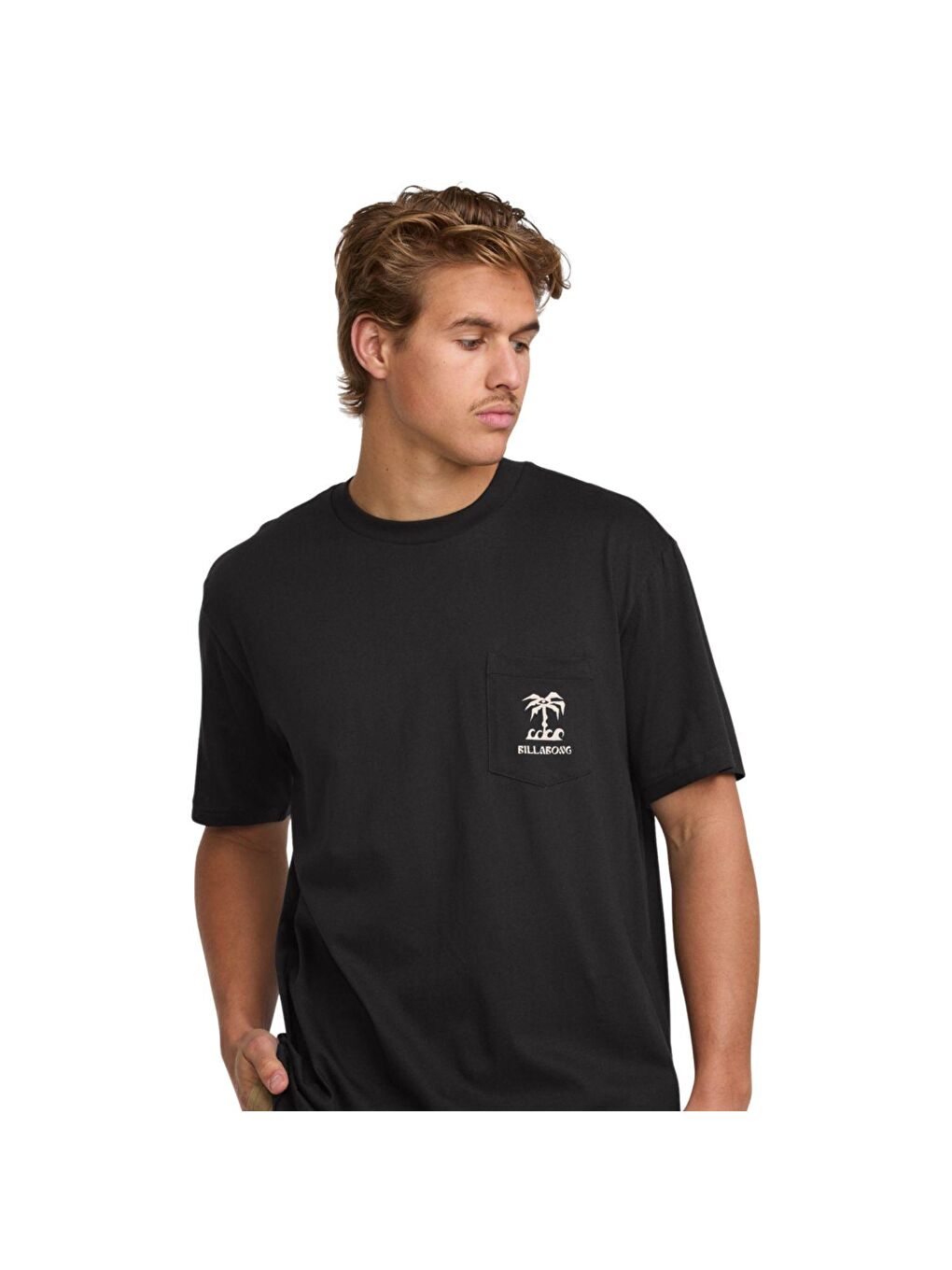 Troppo Premium Ss Erkek Siyah Tişört-2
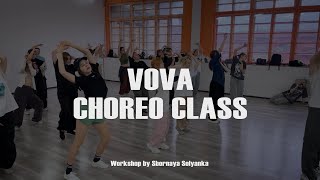 VOVA CHOREO CLASS | Teyana Taylor - Killa (Feat. DaVido)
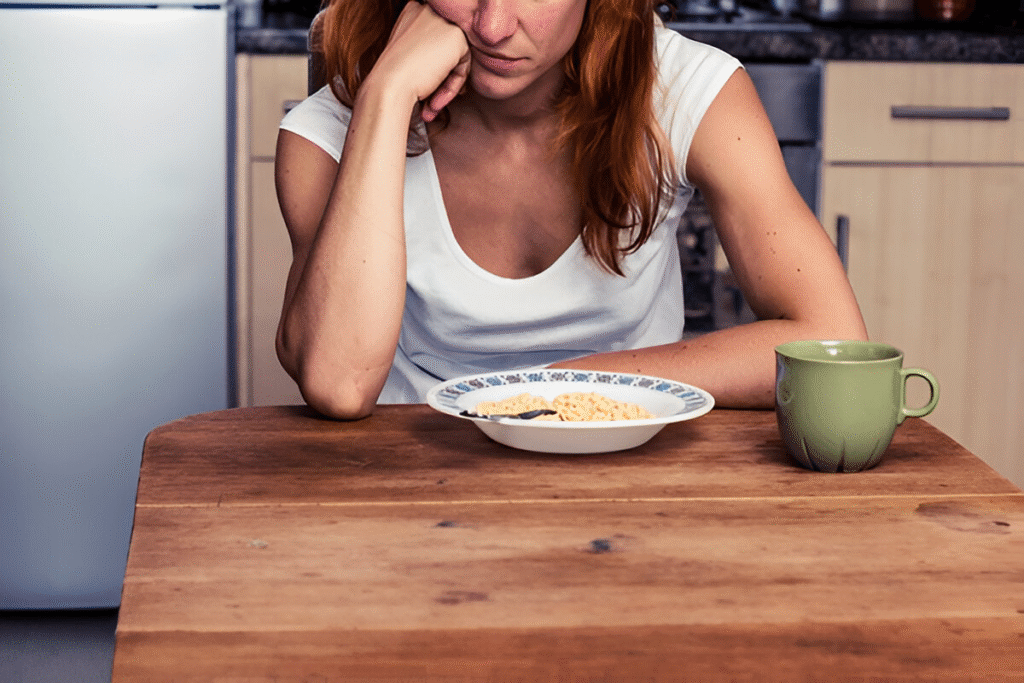 Skipping Breakfast Too Often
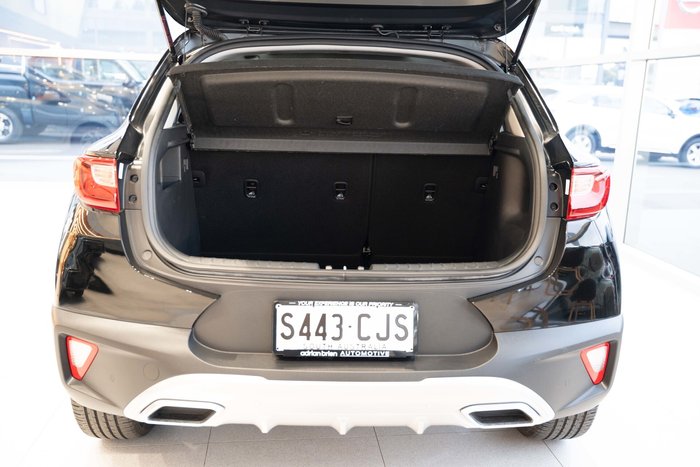 2021 Kia Stonic GT-Line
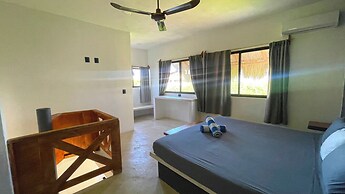 Casa Tekio Holbox by Kin Studios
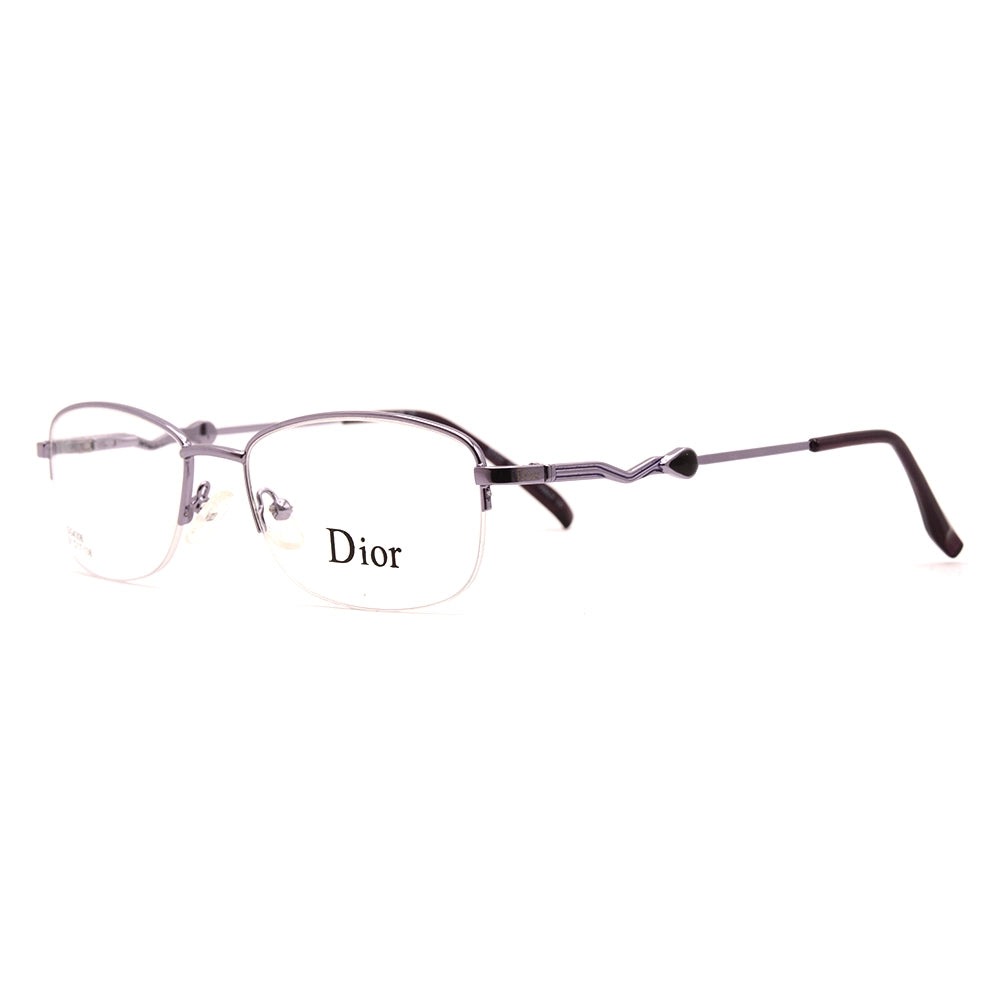 Dior Half-Rim Glasses 6808-3
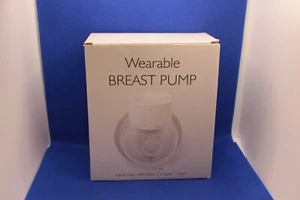 Breast Pump Hands Free Electric Suction Milk Feeding 3 Modes NEW - Picture 1 of 7
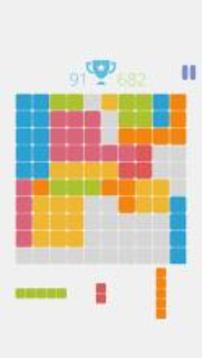 Block Puzzle Fill The Grid游戏截图5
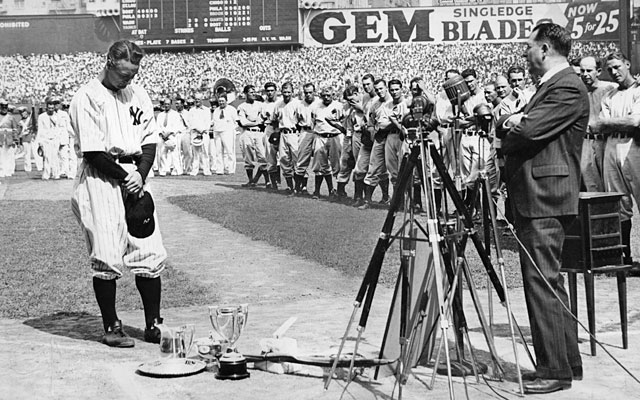 Lou Gehrig Appreciation Day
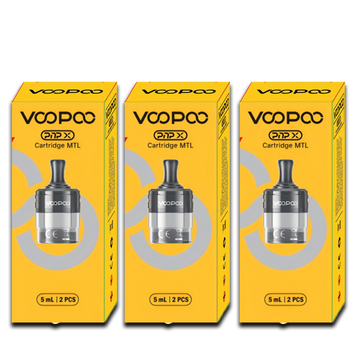 Картридж VooPoo PnP X MTL 100216 фото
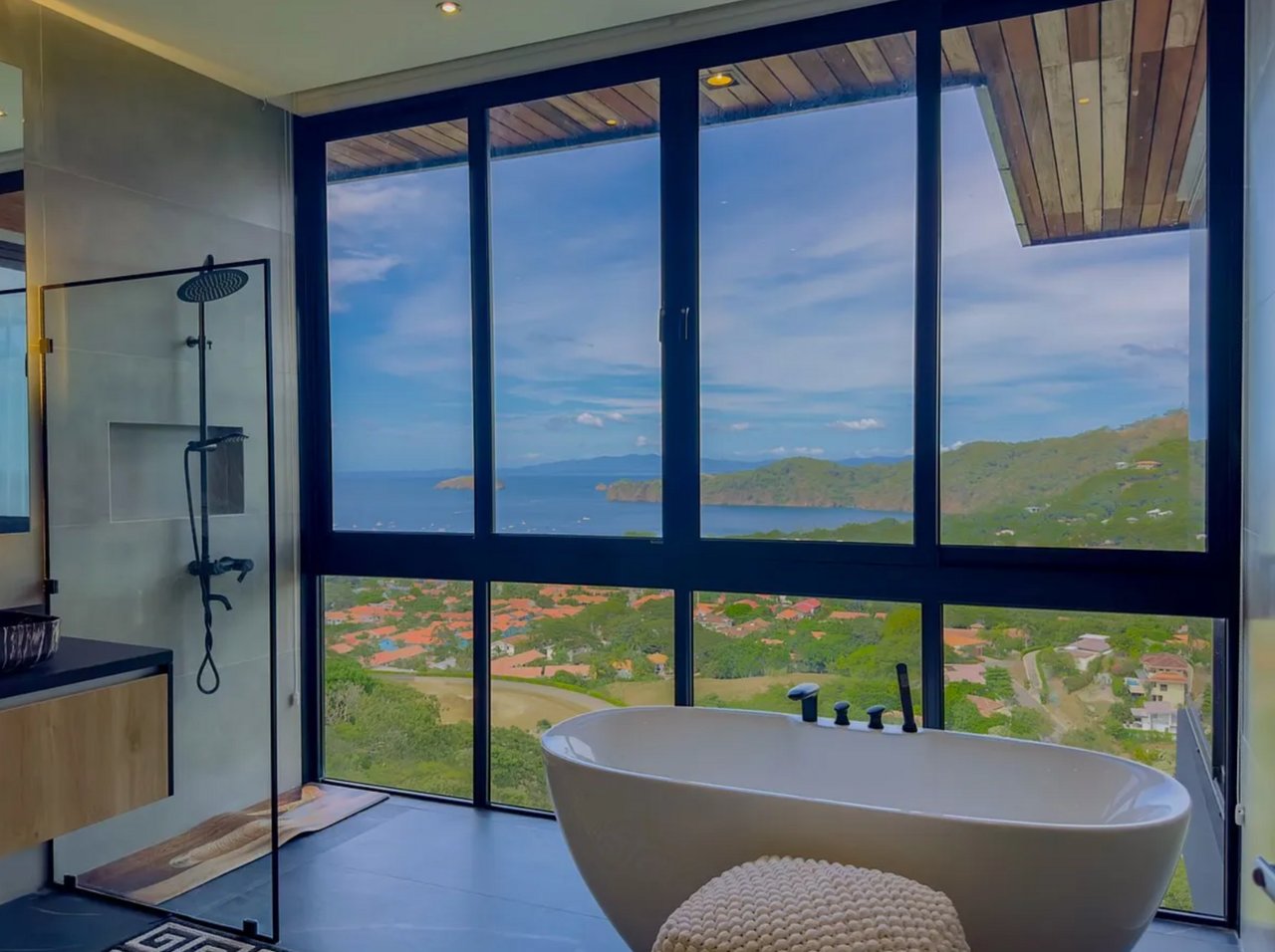 Panoramic Infinity Pool Estate, Papagayo, Guanacaste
------------------------------
▶ Work item
Transcribe the listing exactly; omit all images.

▶ Your solution
 Troppo Premium Ss Erkek Siyah Tişört-2
 VOVA CHOREO CLASS | Teyana Taylor - Killa (Feat. DaVido)
 Skipping Breakfast Too Often
 2021 Kia Stonic GT-Line
 Casa Tekio Holbox by Kin Studios
 Dior Half-Rim Glasses 6808-3
 Breast Pump Hands Free Electric Suction Milk Feeding 3 Modes NEW - Picture 1 of 7
 Block Puzzle Fill The Grid游戏截图5
 Lou Gehrig Appreciation Day
 Картридж VooPoo PnP X MTL 100216 фото
 Panoramic Infinity Pool Estate, Papagayo, Guanacaste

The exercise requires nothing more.